Solution: Let us start by dividing the roles into two categories; the first is the decision maker's, who needs the awareness addressed in the first challenge, followed by competencies that enable the same decision makers to understand the framework of big data, and how to ask the right questions that they did not have the privilege to ask before. This is a must for every executive. The other roles deal with answering decision makers' inquiries, and this requires more than one set of talent. Big Data Analysts usually use existing algorithms on big data to provide answers, with some tailoring based on each type of inquiry. To provide them with relevant content, a Big Data Engineer might prove to be handy, but the one who connects and interfaces with existing sources of data, be it structured or raw, inside and outside the organization is the Big Data Architect.
This role provides much needed protection by not ascribing to one solution or source all the time, but acting in an agile manner according to the need. The last role is quite hard to build and could be an external SME, which is the big data scientist, who will be capable of inventing new heuristics or algorithms to resolve specific challenges not handled efficiently by existing algorithms that big data analysts are aware of.
Challenge #6 | Skills and Competencies are not known
These challenges formulate a continuum, as they are tightly connected in a causal relationship. How can we know the needed competencies before identifying the required roles, but also, how can we define roles without their associated competencies?
Solution: The Enterprise Big Data Framework, founded by Jan-Willem Middelburg defined five roles, for each, there is a standard, with specific competencies defined with the SFIA (Skills Framework for the Information Age) Foundation, which is a separate topic on its own.

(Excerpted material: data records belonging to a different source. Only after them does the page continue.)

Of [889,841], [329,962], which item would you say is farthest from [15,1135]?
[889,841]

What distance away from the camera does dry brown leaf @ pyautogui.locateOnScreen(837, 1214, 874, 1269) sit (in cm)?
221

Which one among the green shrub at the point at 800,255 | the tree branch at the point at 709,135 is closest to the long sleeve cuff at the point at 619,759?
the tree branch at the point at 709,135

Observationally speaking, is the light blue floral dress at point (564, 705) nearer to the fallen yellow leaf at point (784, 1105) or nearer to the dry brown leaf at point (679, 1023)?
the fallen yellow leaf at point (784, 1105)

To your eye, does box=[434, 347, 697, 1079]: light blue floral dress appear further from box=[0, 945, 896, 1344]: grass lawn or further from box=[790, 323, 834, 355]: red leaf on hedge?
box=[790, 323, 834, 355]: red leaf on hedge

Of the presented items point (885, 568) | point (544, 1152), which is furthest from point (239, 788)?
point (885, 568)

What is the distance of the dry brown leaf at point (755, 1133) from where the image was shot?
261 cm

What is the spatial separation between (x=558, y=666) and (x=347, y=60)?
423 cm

Challenge # 7 | Architecture, Functions and algorithms do not exist
Within enterprises new to big data, there is no existing framework that addresses the needed functions to serve the purpose, within an architecture that serves the value chain. Though, algorithms are very well known and available, but not necessary elected to suit the relevant industry challenges yet.
Solution: The utilization of the open Big Data Framework will answer each and every one of the above-listed fallacies and challenges that hinder the proper implementation of Enterprise Big Data. The big data framework consists of six building blocks which at all connected:
- Big Data Strategy
- Big Data Processes
- Big Data Architecture
- Big Data Functions
- Big Data Algorithms
- Artificial Intelligence
Organizations can become data-driven by growing capability in all six building blocks, therefore it is a model that every organization can use as a reference framework, irrespective of vendor solution. This is perhaps the most critical and essential requirement for Sovereign Organizations.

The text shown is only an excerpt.